A reação da China ao coronavírus
Com o surto de coronavírus trazendo incertezas e volatilidade para o mercado, desde meados de janeiro várias instituições e bancos vêm reduzindo as projeções de crescimento da economia chinesa em mais de 1% para o primeiro trimestre e projetando entre -0,2% e -0,7% para o ano de 2020. A magnitude da queda vai depender da velocidade do governo chinês para debelar a situação. As consequências de uma contração desse tamanho para a economia do mundo são evidentes. Contudo, acreditamos que mais ângulos precisam ser analisados para construirmos uma versão mais acurada do momento que estamos vivendo. Talvez, a “motivação” do governo chinês em “correr atrás do prejuízo” vá além de apenas recuperar um indicador econômico. Vemos o vírus não apenas como um problema de saúde pública com desdobramentos econômicos.

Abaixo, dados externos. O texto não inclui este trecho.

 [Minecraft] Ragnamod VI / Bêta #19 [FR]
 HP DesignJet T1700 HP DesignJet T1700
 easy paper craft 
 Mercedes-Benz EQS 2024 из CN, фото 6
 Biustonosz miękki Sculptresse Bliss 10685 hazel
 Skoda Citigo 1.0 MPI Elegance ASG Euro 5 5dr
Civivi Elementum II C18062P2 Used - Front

É uma ameaça à estabilidade do sistema político como um todo, e vamos buscar elaborar esse ponto ao longo do texto.
A China, desde 2012, quando Xi Jinping assumiu como Secretário Geral do Partido Comunista, vem construindo um discurso de alinhamento de expectativas da população e dos agentes econômicos internacionais: a China não vai mais crescer às taxas que vinha crescendo até então. De 1980 (primeiro ano da série histórica do FMI) a 2012, a média do crescimento foi de 10% ao ano. As mudanças estruturais introduzidas por Deng Xiaoping no período de Reforma e Abertura, a partir de 1978, permitiram uma expansão da economia que, sabidamente, tinha um prazo de validade. O fenômeno de coordenação de um discurso oficial para um crescimento não tão acelerado ficou conhecido como o “Novo Normal”.

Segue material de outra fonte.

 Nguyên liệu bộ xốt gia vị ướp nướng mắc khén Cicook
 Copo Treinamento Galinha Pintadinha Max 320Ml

Um marco não só narrativo, mas de políticas públicas para a “aceitação” desse crescimento em torno dos 6%, foi o discurso do Xi Jinping no 19º Congresso Nacional do Partido Comunista da China, em 18 de outubro de 2017. Em uma fala extensa, Xi fez uma retrospectiva do que aconteceu na China e no mundo de 2012 a 2017. No sistema internacional, foram apontadas a lenta recuperação econômica do mundo pós crise financeira, a emergência de conflitos regionais e a intensificação da importância das questões climáticas e ambientais para as discussões de governança global. Ou seja, diversos desafios para o crescimento econômicos já estavam sendo plantados no mindset coletivo, o que justificaria o desempenho mais fraco. Para contornar essas adversidades, uma série de políticas públicas foram elaboradas pelo governo. Entram em ação nesse momento grandes projetos, como o Made in China 2025 e a Iniciativa Cinturão e Rota, também conhecida como a Nova Rota da Seda.

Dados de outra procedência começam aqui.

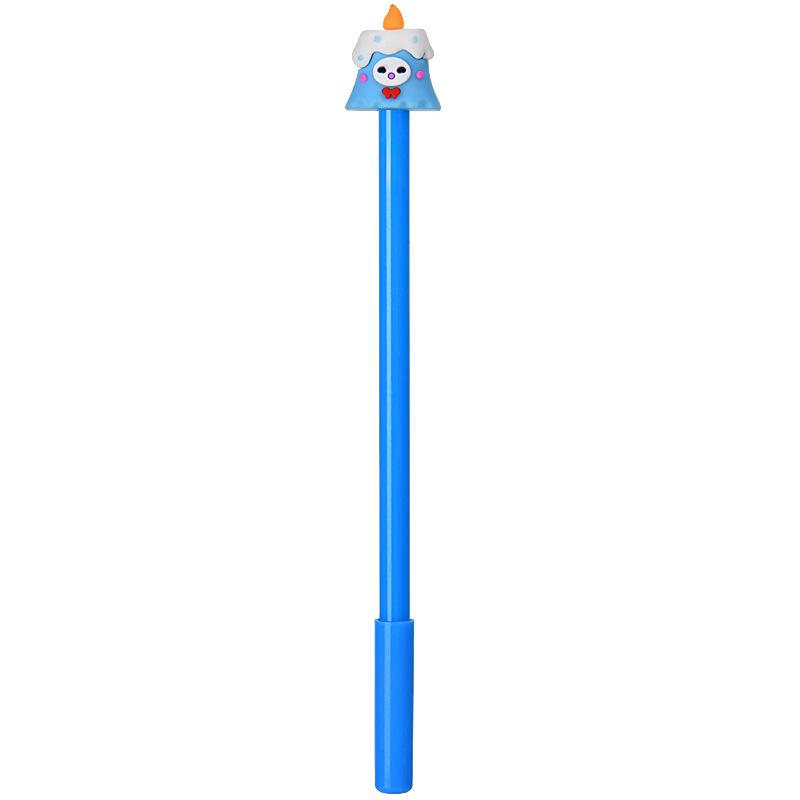 Christmas Cartoon Neutral Pen Black Pen Elementary School Stationery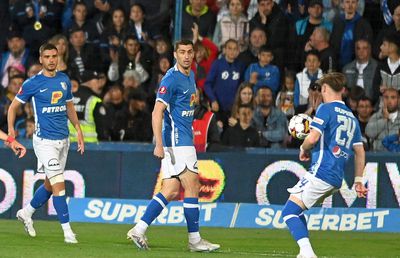 „Cel mai bun” om al Farului, mesaj indirect pentru Gică Hagi: „Nu sunt pregătit!”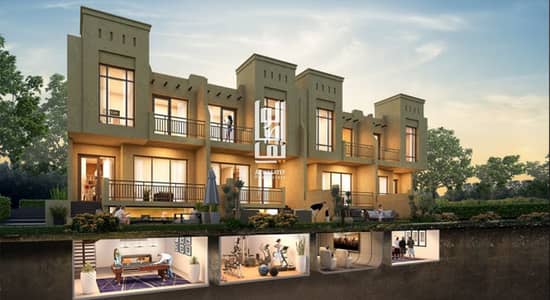 3 Bedroom Villa for Sale in Akoya Oxygen, Dubai - 3BR Multi- Use lower ground heritage villa..!! Hot offer!! 3 Bedroom Villa for Sale in Akoya Oxygen, Dubai - 3BR Multi- Use lower ground heritage villa..!! Hot offer!!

“O Novo Normal”, enquanto um novo estágio de desenvolvimento, exige um posicionamento não só mais ativo sobre o crescimento, mas também mais crítico. O princípio norteador do Novo Normal é o fato que de o crescimento econômico deve vir acompanhado de uma “relação harmônica com a natureza”, assim como uma melhor distribuição geográfica de seus resultados dentro da própria China. Esse foi o momento em que tanto questões ambientais quanto disparidades regionais, principalmente as diferenças entre as zonas rurais e urbanas, foram apontadas como potenciais desestabilizadores do processo de construção de uma “sociedade moderadamente próspera em todos os aspectos”.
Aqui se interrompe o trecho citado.